NOVEMBER 5 is known as Guy Fawkes Day to the British, but for the Irish it will now be known as the date our rugby team produced fireworks of their own in finally defeating the mighty All Blacks.
Saturday’s win in Chicago will go down as one of the greatest days in Irish sporting history as the national rugby team got the better of the seemingly unbeatable All Blacks in what was their 29th attempt over the course of 111 years.
New Zealand, the back-to-back World Cup winners, were out-fought, outmanoeuvred and ultimately outscored as Joe Schmidt’s men had 11 points to spare in a 40-29 win.
Like the Giants Stadium in New Jersey (Ireland 1-0 Italy, USA 1994), the Memorial Coliseum in Los Angeles (John Treacy silver medal, 1984 Olympics) and the Barclays Centre in Brooklyn (Carl Frampton’s second world title win, 2016), Soldier Field is the latest American venue to stage a pivotal result in Ireland’s record books.

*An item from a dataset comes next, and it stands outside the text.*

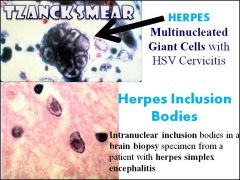 If you suspect a patient may have herpes, what sort of lab test would you use to diagnose? What would you say if the test was negative?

Beating New Zealand at what is pretty much their own game is like beating Brazil in football. The English may have invented both games, but Brazil and New Zealand teach us how to play.
Ireland have already beaten Brazil in football (1-0 in a friendly in Dublin, 1987), but the South Americans hadn’t won the FIFA World Cup since 1970 by that stage. In contrast, this New Zealand team are on another level, with this defeat bringing an end to an 18-game winning streak.It means the heart-breaking defeat in Dublin in 2013 – when Ireland had led going into stoppage time only to lose control and suffer defeat – can finally be forgotten about.
That was the one that got away, but having now exorcised those demons, there’s no telling what other mental barriers Ireland can now overcome. With Joe Schmidt signed up for the 2019 World Cup, this could only just be the beginning.
As for the immediate future, Ireland will have a chance to suggest that wins against the All Blacks are like buses when they welcome them to the Aviva Stadium in Dublin on November 19, the second of three home autumn internationals.